Minnesota has officially joined the climate accountability movement with the announcement on Wednesday, June 24 of a groundbreaking lawsuit against fossil fuel behemoths such as ExxonMobil and Koch Industries and the nation’s largest oil and gas lobbying group for alleged deception on climate change.
Minnesota Attorney General Keith Ellison announced the lawsuit at a press conference Wednesday. The lawsuit names as defendants ExxonMobil, the American Petroleum Institute (API), and Koch Industries as well as Koch subsidiaries Flint Hills Resources LP and Flint Hills Resources Pine Bend. The lawsuit claims these organizations violated Minnesota consumer protection laws for orchestrating a campaign of deception around climate science and the danger of fossil fuels.
“We’re here suing these three entities specifically because they designed, conducted, and funded this campaign of deception,” Ellison said at the opening of the press conference.
That campaign of deception, he explained, included “deliberately undermining the science of climate change,” downplaying the role that fossil fuel products play in causing climate change, and failing to warn consumers and the public of what the fossil fuel industry already knew. Evidence uncovered by journalists and researchers shows that the fossil fuel industry, and specifically API, the largest trade association for U.S. oil and gas, knew since at least the 1950s about the climate impacts of burning fossil fuels.
But instead of sounding the alarm, the industry continued internally researching climate science and, starting in the late 1980s, publicly casting doubt on the science. The Minnesota complaint, for example, includes an image of print advertisements from the Information Council for the Environment, an industry front group dedicated to denying the science of climate change. The ads compare predictions of climate change to “Chicken Little” and assert that “they may not be true” — despite the defendants’ knowledge of the validity of such predictions.
Historical advertisements casting doubt on the science of climate change, from an organization funded by the fossil fuel industry, and cited in the Minnesota complaint.
“For 30 years the defendants made misleading statements about climate change, the relationship between climate change and their fossil fuel products, and the urgency of the problem. For 30 years they lied, deceived, muddled the facts, and created a false controversy when there really wasn’t one,” Ellison said during the press conference.
“With this action, Minnesota is joining a growing list of governments from around the country that are seeking to hold companies responsible for misleading the public about climate change in order to protect their bottom line,” Minnesota Asst. Attorney General Leigh Currie said.
Over a dozen lawsuits have been filed against fossil fuel companies by municipal governments including cities and counties in California, Colorado, Washington, and Hawaii, as well as the cities of Baltimore and New York and the state of Rhode Island.
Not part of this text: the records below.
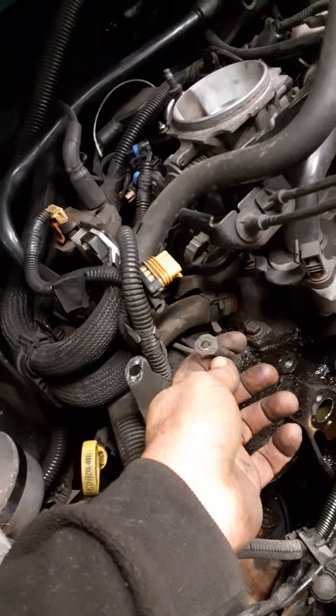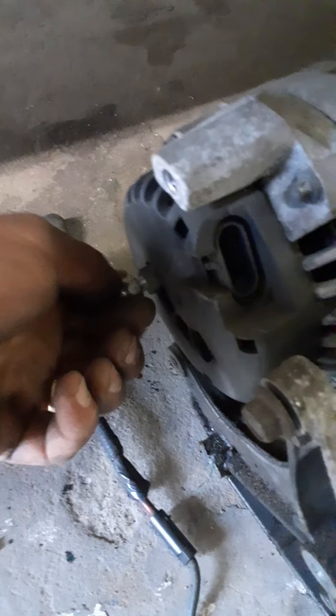This wire here runs to the battery post on the alternator, so that'll be a 13-millimeter nut.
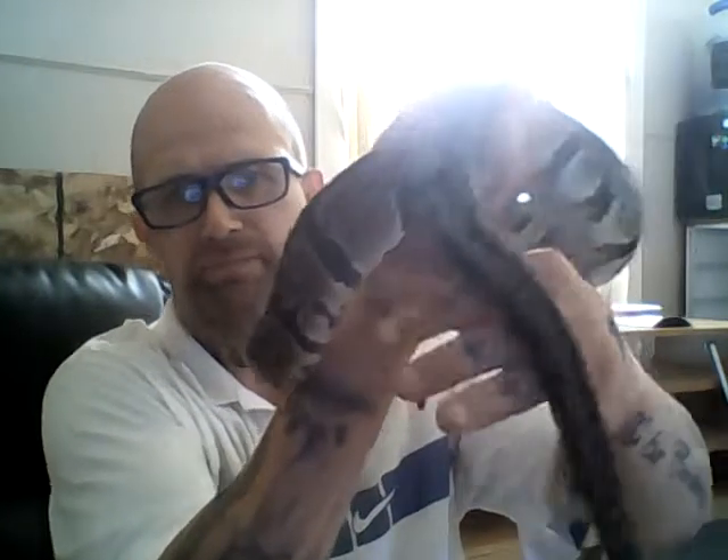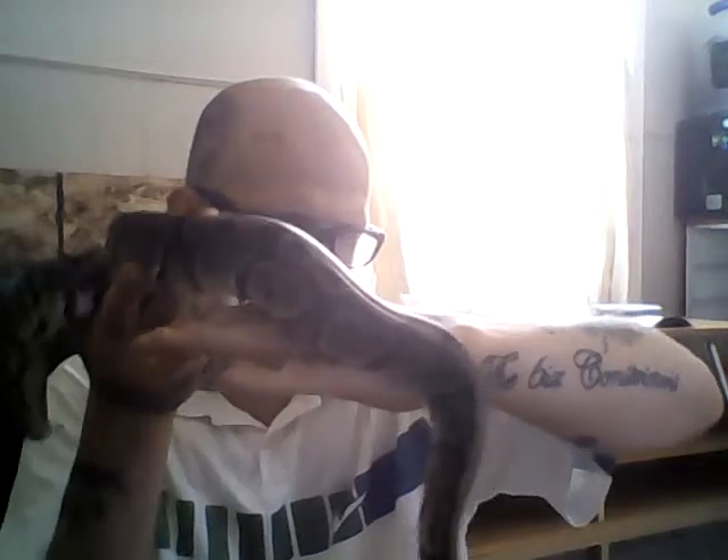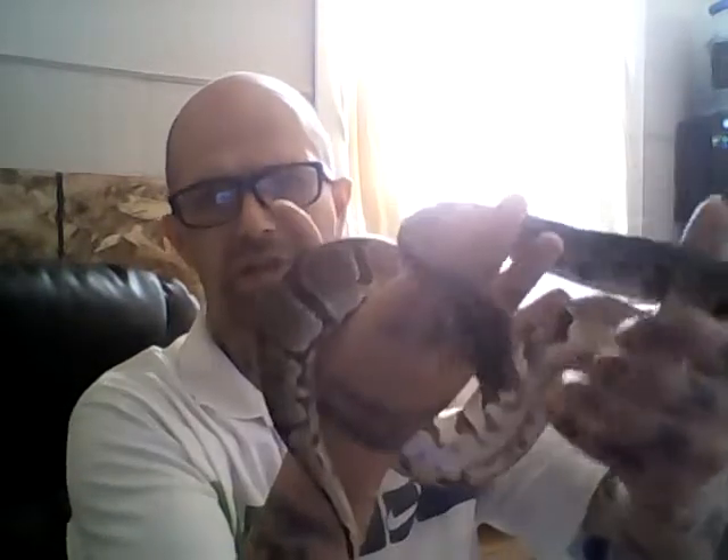You can see some of this stuck shed around here on her neck. All you have to do is let them soak for half an hour to 45 minutes if they do have any stuck shed or retained eye caps. That soaking time will allow the stuck shed to loosen up and come off.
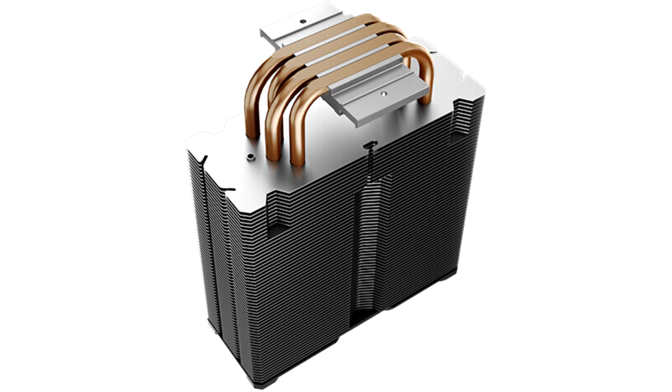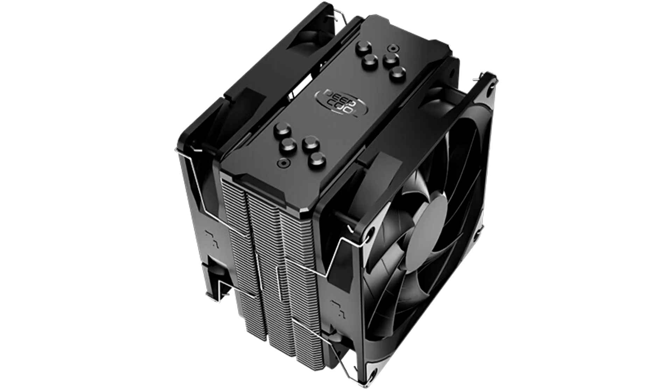A 4x6mm sintered copper heat pipe design — sintered meaning produced via pressure or temperatures that don't liquefy the copper — with direct touch technology should accelerate heat transfer from the CPU heatsink through to the cooling fins.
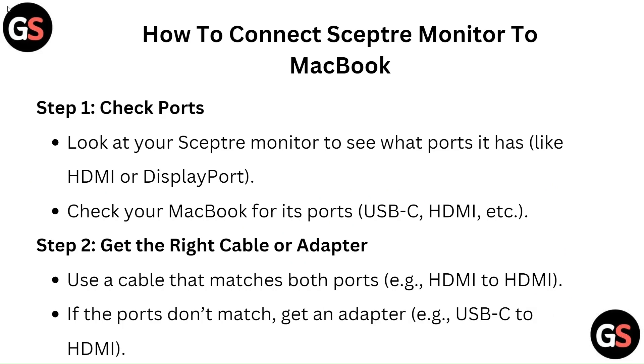Step 1: Check ports. Look at your Sceptre monitor to see what ports it has, like HDMI or DisplayPort. Also check your MacBook for its ports, such as USB-C, HDMI, etc.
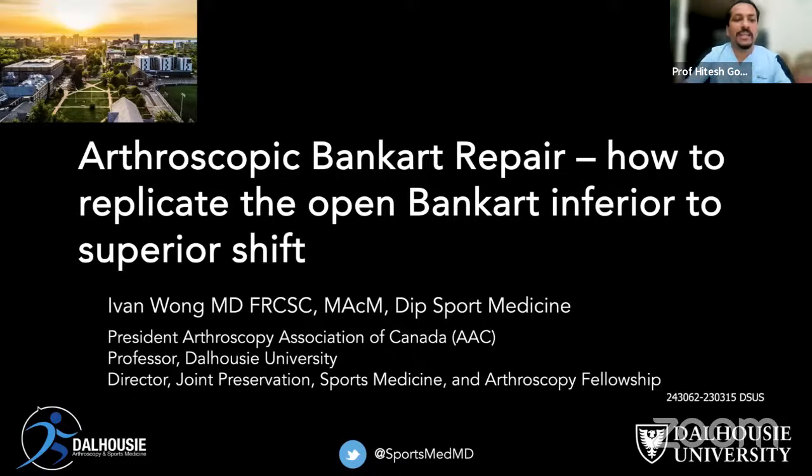Welcome all of you to this live program of orthopedic principles. Today our guest of honor is Professor Ivan Wong from Halifax, Canada.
The state of New York filed an investor fraud lawsuit against ExxonMobil, which went to trial last fall and was dismissed. Massachusetts Attorney General Maura Healey sued Exxon on October 24, 2019, claiming both investor fraud and consumer fraud, and that case is currently proceeding.
Minnesota’s lawsuit is most similar to the Massachusetts case in the allegations of consumer fraud in violation of state consumer protection statutes. But the Minnesota lawsuit targets additional defendants besides Exxon and is the first in the country to target Koch Industries and API.
API responded to the Minnesota announcement by defending the petroleum industry’s environmental record.
“The record of the past two decades demonstrates that the industry has achieved its goal of providing affordable, reliable American energy to U.S. consumers while substantially reducing emissions and our environmental footprint. Any suggestion to the contrary is false,” API Chief Legal Officer and Senior Vice President Paul G. Afonso said in an emailed statement.
“This lawsuit is part of a coordinated, politically motivated campaign against energy companies. Legal proceedings like this waste millions of dollars of taxpayer money and do nothing to advance meaningful actions that reduce the risks of climate change,” Exxon spokesperson Casey Norton said in an emailed statement.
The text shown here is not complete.